Seeing one of his production’s staged on the hallowed turf of Lord’s, performed in front of the famous pavilion, remains one of his fondest memories.

“We were given the home team’s dressing room. It was wonderful: all those wonderful wooden boards commemorating great players and it was the most smartly dressed audience I’ve ever seen.”

But what about the performance in the back of a car? Well, it turns out to have been a play called A Mobile Thriller, which was performed in the back of a Maserati driven around Edinburgh.

To keep the costs down, Mr Erskine played the chauffeur himself, sitting next to the desperate character on a mobile phone who appears to be living out a dangerous fantasy. The audience was restricted to the three people sitting in the back of the car.
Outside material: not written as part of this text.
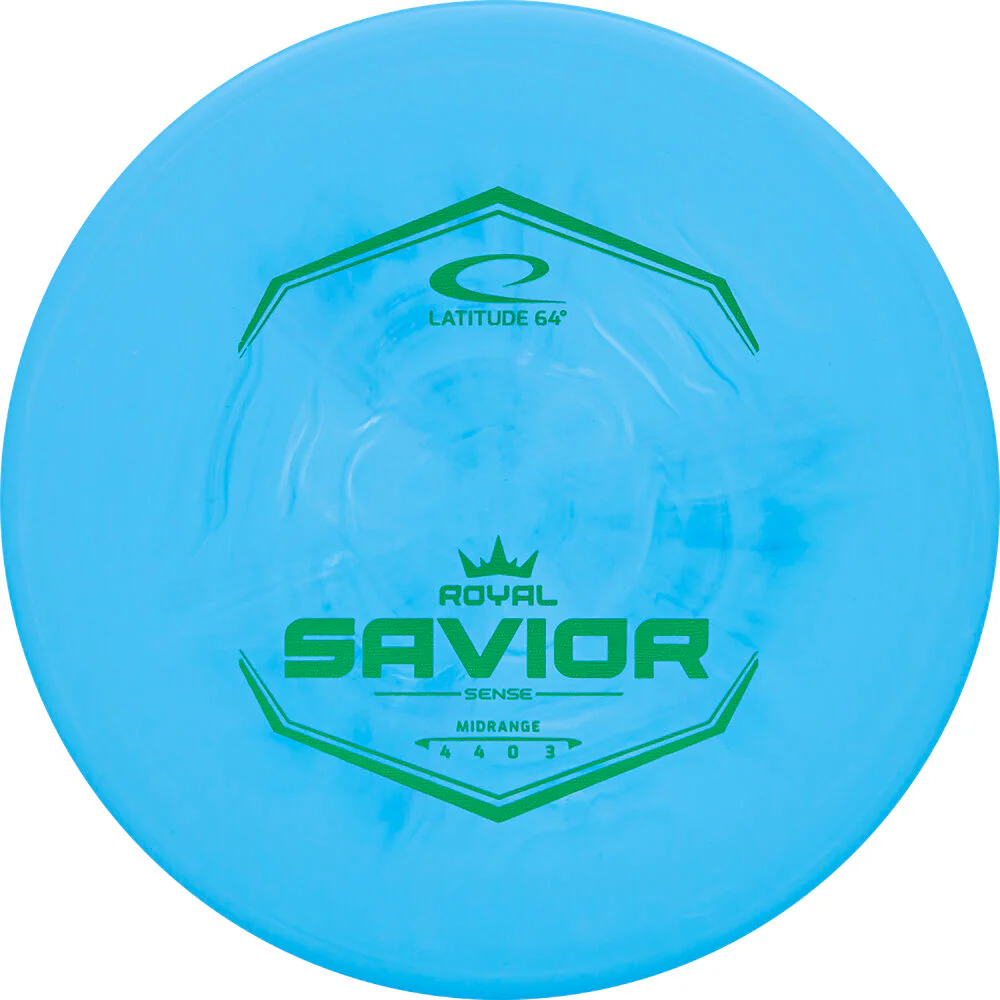 Savior (Royal Sense)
“Not my most money-spinning production,” he now recalls.

It certainly caused a stir, with a spin-off production involving two cars, later performed in London.

At Creation, he will be faced with running a theatre company that has to survive without subsidy. Theatre companies are like oranges, he ventures.

“The more they are squeezed, the more juice you get out. You are judged by what you have done. I think being without subsidy can open as many doors as it closed. I’m excited by the challenge.”

Over 15 years, Creation has put on 45 shows, attracting audiences of 350,000. But it nevertheless found its future threatened back in 2007, when the wet weather and floods badly hit productions of Hamlet, The Taming of the Shrew and The Oxford Passion, which between them had cost £350,000 to stage. Only a donation of £80,000 from a benefactor kept the ship afloat. But over the last two years Creation has become viable again.

The future of Creation is not causing him sleepless nights. The bags under his eyes he puts down to the birth of his son Albert, who was born in February. His partner, Jasmine Burnley, is a policy advisor for Oxfam.

As he posed for pictures high above the Said Business School, Mr Erskine said it was too early to give details of future productions and possible new venues.

But, as he eyed the rooftops of Oxford, the city was already looking the perfect stage for him as a new dawn beckoned for Creation.